Depends on your data and what assumptions you can make. I work with sequence data a lot, and for that type of data the MMSeqs library (https://github.com/soedinglab/MMseqs2) is both very powerful and very popular.

For tabular data as in this blog post, there are a lot of options. For small datasets, hierarchical clustering is very powerful -- you can build and visually inspect a dendrogram and this can give you a lot of insight. It's implemented in Scipy and scikit-learn (e.g. https://docs.scipy.org/doc/scipy/reference/cluster.hierarchy... ). Hierarchical clustering however scales poorly. For relatively low-dimensional data the hdbscan algorithm is really nice and is implemented in Python (https://pypi.org/project/hdbscan/).
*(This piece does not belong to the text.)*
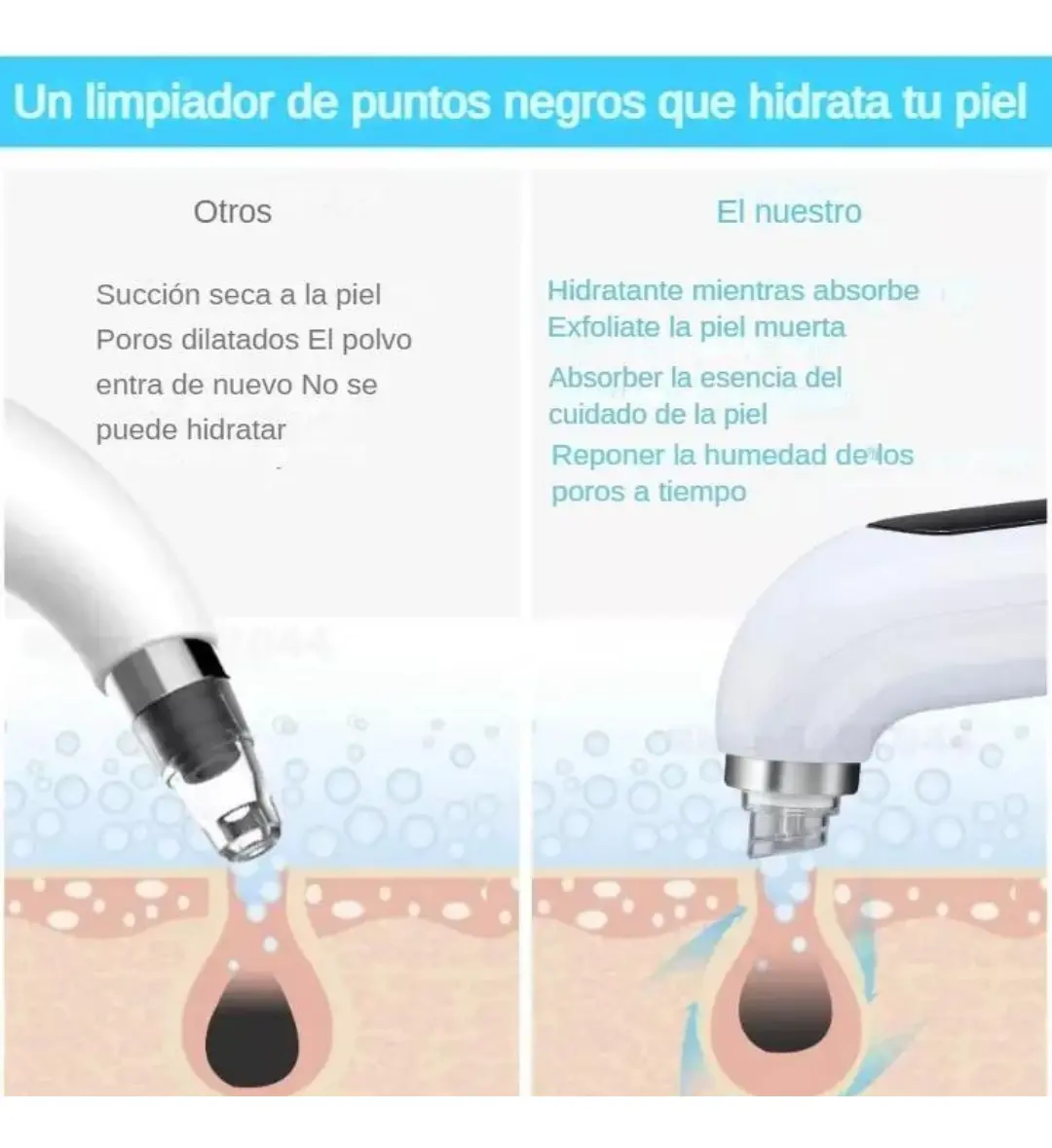 Mini Máquina Hydrafacial de Hidrodermoabrasión Portable - Imagen 9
If you have reason to think your data is modeled reasonably well as mixture of Gaussians (think lots of elliptical clusters of various sizes) and it's not too high-dimensional, a mixture of Gaussians can work well; unlike k-means, it's probabilistic and doesn't assume all clusters are spherical and roughly equal in size. This too is implemented in scikit-learn (https://scikit-learn.org/stable/modules/generated/sklearn.mi...). If you think a mixture of Gaussians is reasonable but you know there are outliers, a mixture of Student t-distributions will work better; this is not in scikit-learn but there are multiple implementations on github.

It's also possible to improve k-means by using approximate kernel k-means, where you use a random Fourier features (https://people.eecs.berkeley.edu/~brecht/papers/07.rah.rec.n...) representation for each input datapoint then run k-means on that -- this approximates kernel k-means, so it relaxes some of the unrealistic assumptions of k-means. We no longer assume clusters are spherical, although this method may still work poorly if there are outliers and also still requires us to choose the number of clusters and the lengthscale for the kernel we are approximating, both of which may be hard to choose unless you already have a pretty good intuition for what are appropriate choices for your data.

There are other options that are sometimes useful, in fact, I could easily write a blog post about this (maybe I should), but the thing with clustering is that the "right" choice of algorithm is somewhat dependent on your data and on what assumptions are reasonable to make. People sometimes end up using k-means because it's fast (especially if you use minibatch kmeans) and can scale to crazy large datasets. But it makes very strong assumptions which are usually wrong (most datasets do not subdivide well into some number of spherical Gaussians of roughly equal size), and this can result in truly absurd partitions, especially when there are lots of outliers or clusters with highly irregular shapes.

nickpsecurity · on Nov 10, 2024

Thank you for your helpful advice.